Task prompt ->
Copy out exactly the lines spanning the line with "view of exterior entry featuring a patio" to the line with "Coppia seduta sul", inclusive, from the data underneath, with no pictures.

Dataset excerpts ->

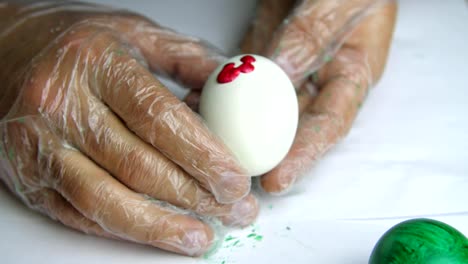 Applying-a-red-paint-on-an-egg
...
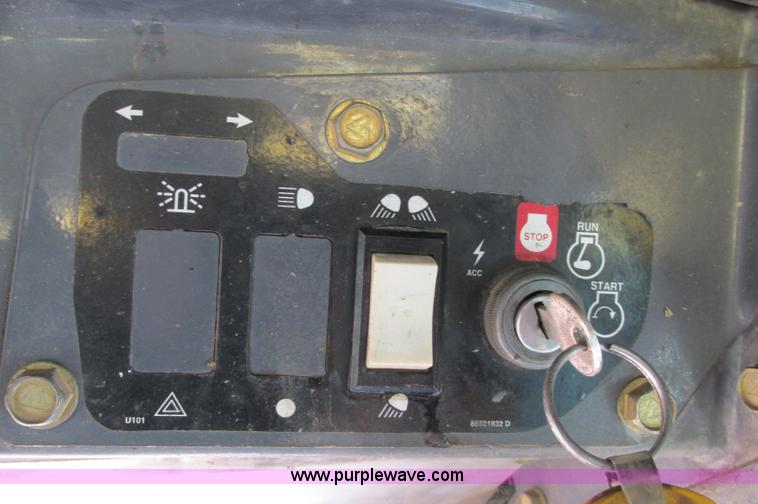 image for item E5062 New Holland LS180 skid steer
...
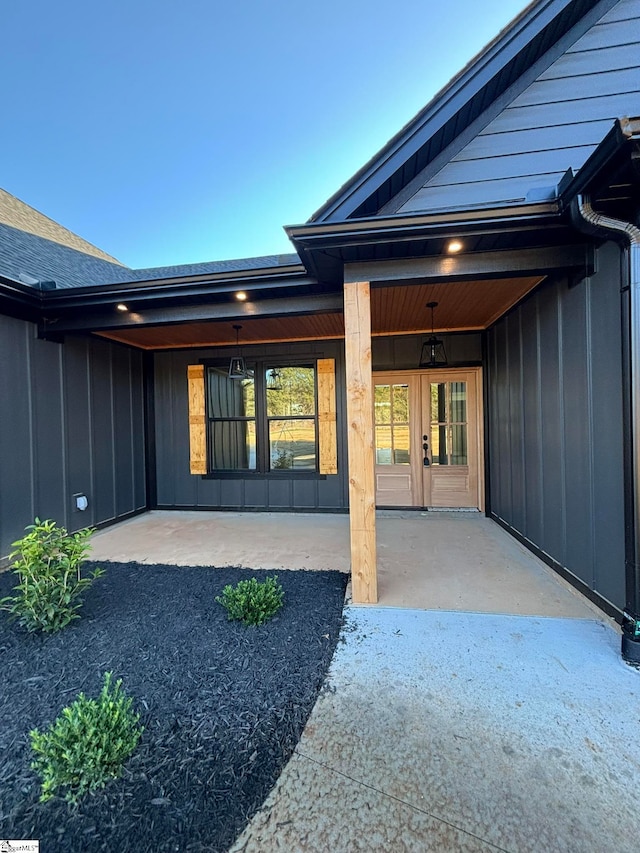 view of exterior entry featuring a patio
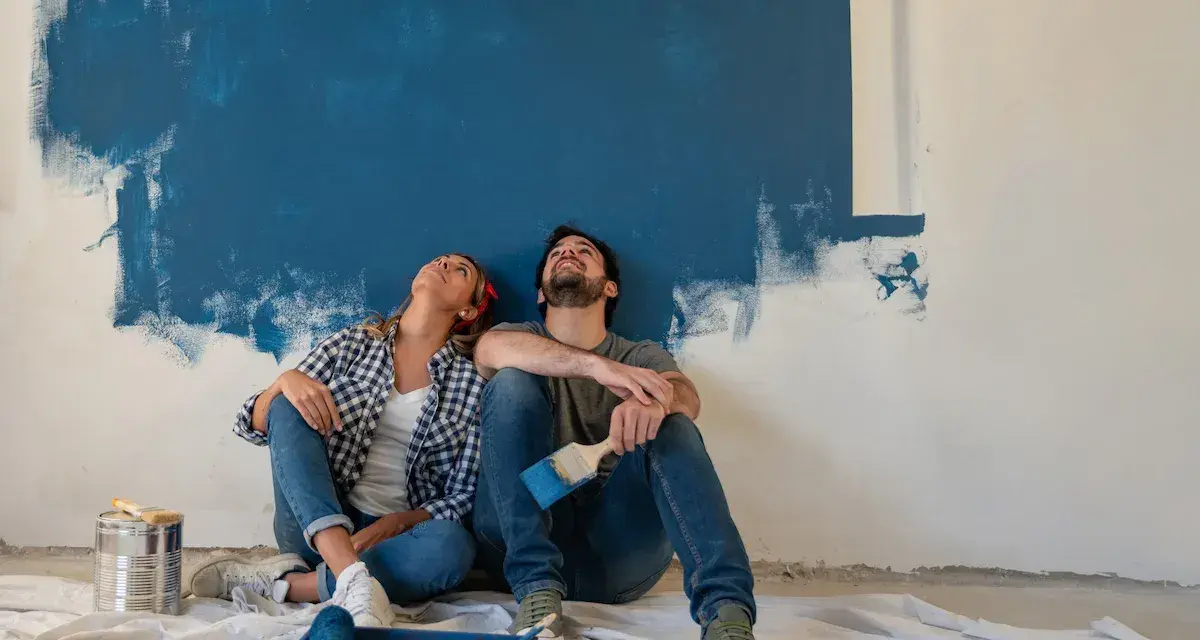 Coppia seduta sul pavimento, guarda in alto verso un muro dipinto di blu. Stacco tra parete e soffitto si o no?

Exercise response ->
 view of exterior entry featuring a patio
 Coppia seduta sul pavimento, guarda in alto verso un muro dipinto di blu. Stacco tra parete e soffitto si o no?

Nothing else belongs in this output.